August 2,1943: After the torpedo boat he commands is sunk by a Japanese ship in the Solomon Islands, Kennedy swims to safety, dragging a badly burned comrade with him. He is later honored for "extremely heroic conduct" in the incident.
1945: Kennedy is demobilized. Following the 1944 death in combat of his elder brother Joe, who had been destined for a career in politics, the torch passes to JFK.
1946: First elected to Congress as a Democratic representative for Massachusetts. He is re-elected in 1948 and 1950.
1952: Elected to Senate, later re-elected in 1958.
September, 1953: Kennedy, 36, marries 24-year-old Jacqueline Bouvier, a young journalist at the Washington Times-Herald. Their first child, Caroline, is born four years later on November 27, 1957.
1957: Kennedy wins a Pulitzer Prize for his book "Profiles In Courage," spotlighting the lives of eight US politicians through the ages.
1960: Kennedy launches his presidential campaign with victory in the Democratic primary. He goes on to defeat Republican rival Richard Nixon in one of the closest US elections ever fought.
November 25, 1960: John Fitzgerald Kennedy Jr is born, known affectionately as "John-John."
January 20, 1961: Kennedy is sworn in as the 35th president of the United States. Still only 43, he is the youngest-ever elected US president and the first Catholic.
March 1961: Kennedy creates the Peace Corps, dedicated to humanitarian work in the developing world.
April 1961: Kennedy authorizes the Bay of Pigs invasion of Cuba, a 1,500-strong band of US-trained Cuban exiles hoping to topple Fidel Castro.
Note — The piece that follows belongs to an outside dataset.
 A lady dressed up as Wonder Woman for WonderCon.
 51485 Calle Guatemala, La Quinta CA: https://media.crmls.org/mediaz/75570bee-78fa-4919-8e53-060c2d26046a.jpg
The invasion ends in disaster, with the exiles routed by Castro's forces within a few days.
May 1961: Kennedy launches the Apollo space program with the goal of putting a man on the moon by the end of the decade.
At the same time, Kennedy also increases the number of soldiers, military advisers and equipment deployed to Vietnam.
October 1962: The United States and Soviet Union edge to the brink of nuclear war in the Cuban Missile Crisis, triggered after a US spy plane discovers Cuba is building Soviet missile bases on the island.
June 11, 1963: Kennedy issues his famous Civil Rights Address, calling for an end to discrimination and full equality for African Americans. Civil rights leader Martin Luther King Jr describes Kennedy's proposals as "the most sweeping and forthright ever presented by an American president."
June 26, 1963: Kennedy rallies to the support of Berlin, declaring in an iconic speech to the divided German city: "Ich bin ein Berliner."
November 22, 1963: Kennedy is assassinated in Dallas, Texas. He is buried three days later at Arlington National Cemetery, Virginia, near Washington.